Once you decide to purchase an investment property you need to find a good rental manager with a proven track record. A good way to achieve this is through referral from someone with experience and knowledge of the local market.

They’ll generally charge about 7 to 9 percent of gross rent to screen potential tenants, collect rent and organise maintenance. They’ll also carry out regular inspections.

Finally, make sure you have the appropriate insurance in place. You should also consider landlord protection insurance as well as building insurance.

A good rental manager will be able to assist with this.

The choosing of an investment property location is particularly important because it will have to appeal to a range of potential tenants.

Be sure to leave your emotions at the door and only buy in a growth area.

Transport, schools and shopping centres are just some of the amenities that will contribute to capital growth potential. (see our website for 20 point property criteria)

Your budget is the first consideration of your investment.

How much can you comfortably afford to spend on an investment property?

Income, lifestyle, available deposit and your borrowing capacity are all things that you need to consider.
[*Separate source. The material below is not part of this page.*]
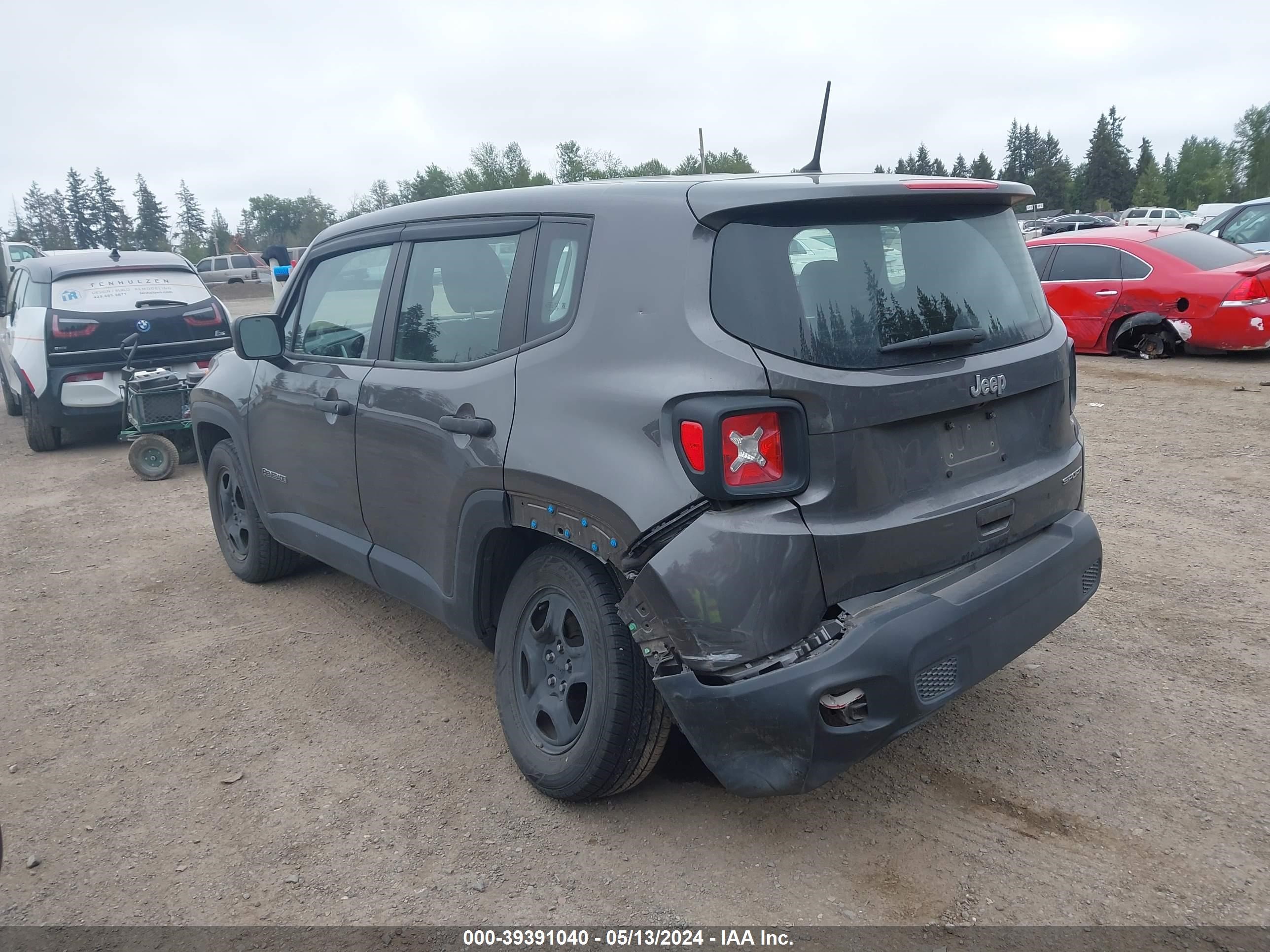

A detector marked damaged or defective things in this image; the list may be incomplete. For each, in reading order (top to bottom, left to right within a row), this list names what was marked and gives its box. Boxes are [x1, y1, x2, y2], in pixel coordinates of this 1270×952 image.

rear bumper damage [623, 512, 1104, 796]
crushed bumper [651, 512, 1096, 796]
It’s important to factor in all of your purchase costs.

These can include loan establishment fees, valuation fees, conveyancing, stamp duty and insurances.

  • Rather than getting one big tax return at the end of the financial year, consider applying for a 15-15 Variation so that you have less tax taken out of each pay packet throughout the year. With negatively-geared properties this can improve cash flow.
  •  Choose a property that will have the highest potential for capital growth and allow time for compounding to happen. More often than not it’s the waiting that is the hardest part.
  •  Remember, the property cycle is on average 7-10 years and the savy investor knows that the most opportune time to invest is during a lull, not during a boom when prices are at a premium.

It’s important to remember that not all landlord protection policies are the same. Some, for instance, are designed to be taken out in addition to a typical home and contents or strata title policy, while others are more comprehensive.

Some policies allow you to take out cover for the contents of the property. This is particularly important if you rent out a partially or fully furnished property. A good property manager should ensure that you have adequate insurance cover.

Disclaimer: Please note that the above information is a guide only. We always recommend that you speak to your accountant regarding expenses, taxation and your individual circumstances.